We've seen Fake Flash updates
for several years. A webpage claims that the user is running an outdated of version of Flash
and they require an upgrade of the plugin to watch a video. The fake Flash update is actually a malicious executable.
This type of attack is still going on. Today, I was investigating such a malicious page. The page claims to be from xhamster.com
, a free porn site. The fake video player shows a warning: "You need the latest version of Adobe Flash Player to play this video.
|Fake porn video |
However, instead of downloading a malicious executable, the user is actually asked to download a fake Flash extension. There are different variants for different browsers: .XPI for Firefox, .CRX for Google Chrome, and .EXE (BHO + installer) for Internet Explorer.

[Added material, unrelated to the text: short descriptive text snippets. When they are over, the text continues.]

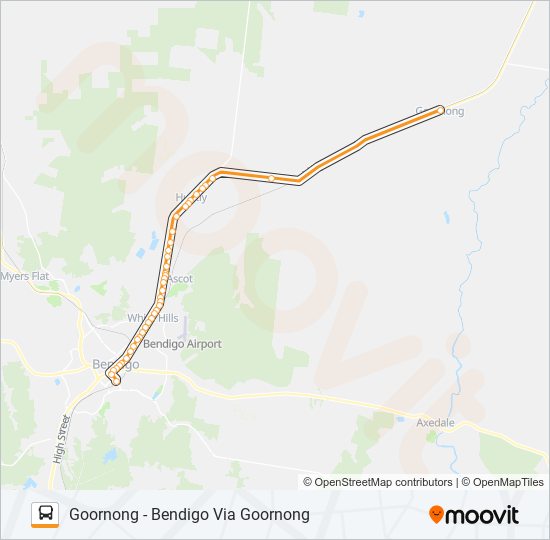 GOORNONG - BENDIGO VIA GOORNONG bus Line Map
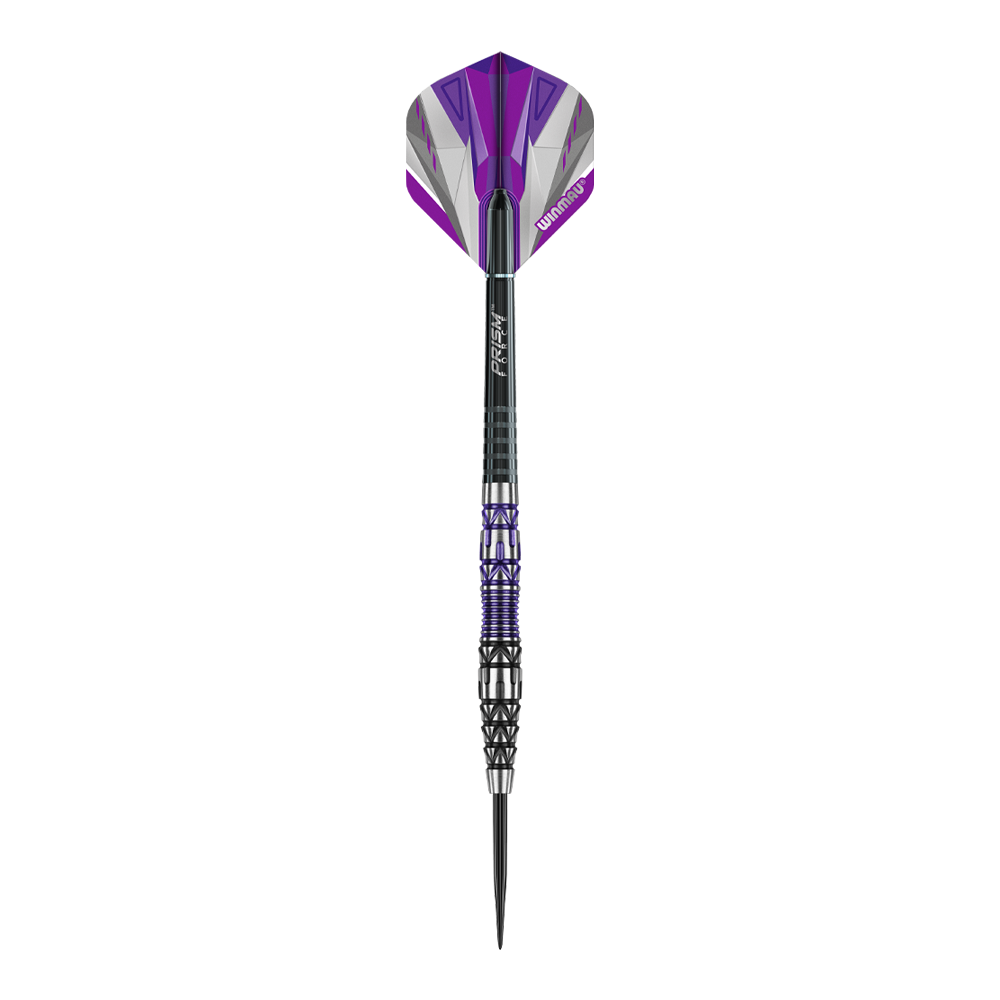 Ocelové šipky Winmau Simon Whitlock Special Edition 2020 Das Bild zeigt den Winmau Simon Whitlock Special Edition 2020 Steeldart. Der Dart hat ein auffälliges Design mit lila, schwarzen und silbernen Akzenten.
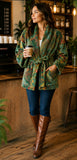 Luscious Luxurious Hip Length Shawl Collar Kimono Printed Velvet Jacket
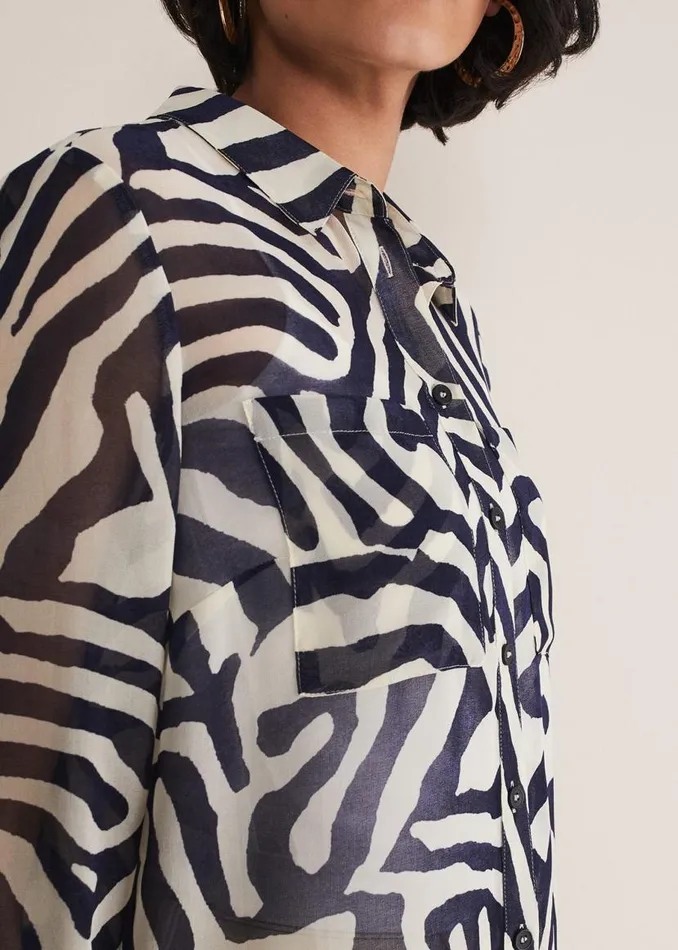 Phase Eight Shirts and Blouses Isabella Zebra Print Blouse Blue 8211 Women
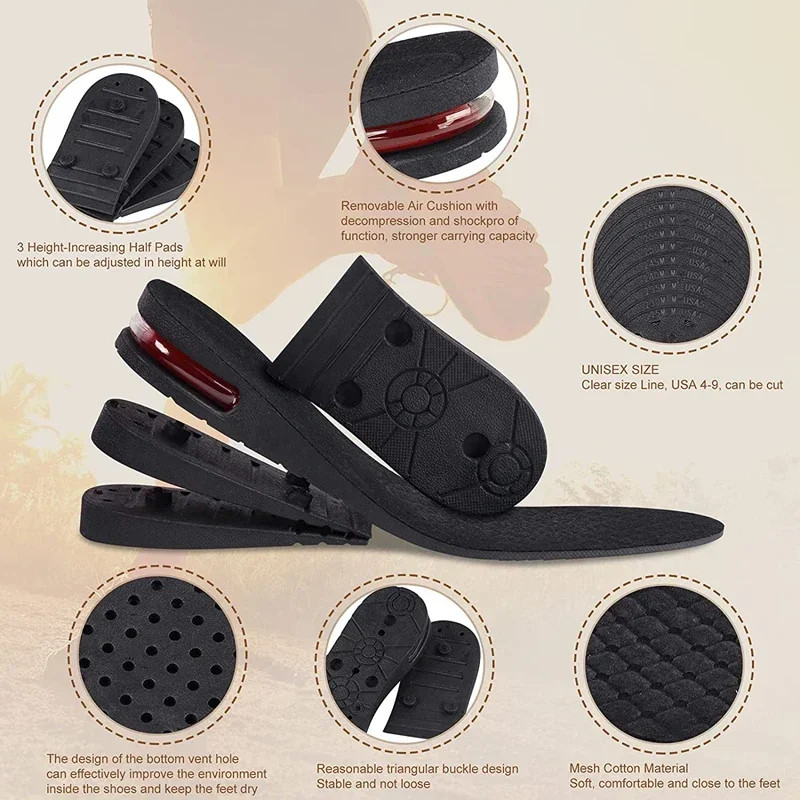 Air Shoe Cushion Height Increase Insoles Adjustable Lift Inserts For Men And Women Invisible CuttoS 1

|Malicious extension for Firefox |
|Extension installation on Firefox |
|Fake extension installed |
- executable (Internet Explorer): detection by 21/42 AV
- XPI (Firefox): 0 detected!
- CRX (Chrome): 0 detected!
|Fake extension code after deobfuscation |
The current files being pulled are not very dangerous, but that could change in the future. An invisible IFRAME is inserted in each new page loaded. The IFRAME contains advertising from resultsz.com
, and contains a username in the URL. This tells me that the adware author gets money for the traffic sent to this site, even if the infected user cannot actually see what is being loaded.
|Remote file content after deobfuscation || |
The author could change the remote file at any moment to do much more harm, like stealing cookies to obtain access to the user accounts on any site, stealing username/credentials being entered or previously saved, etc.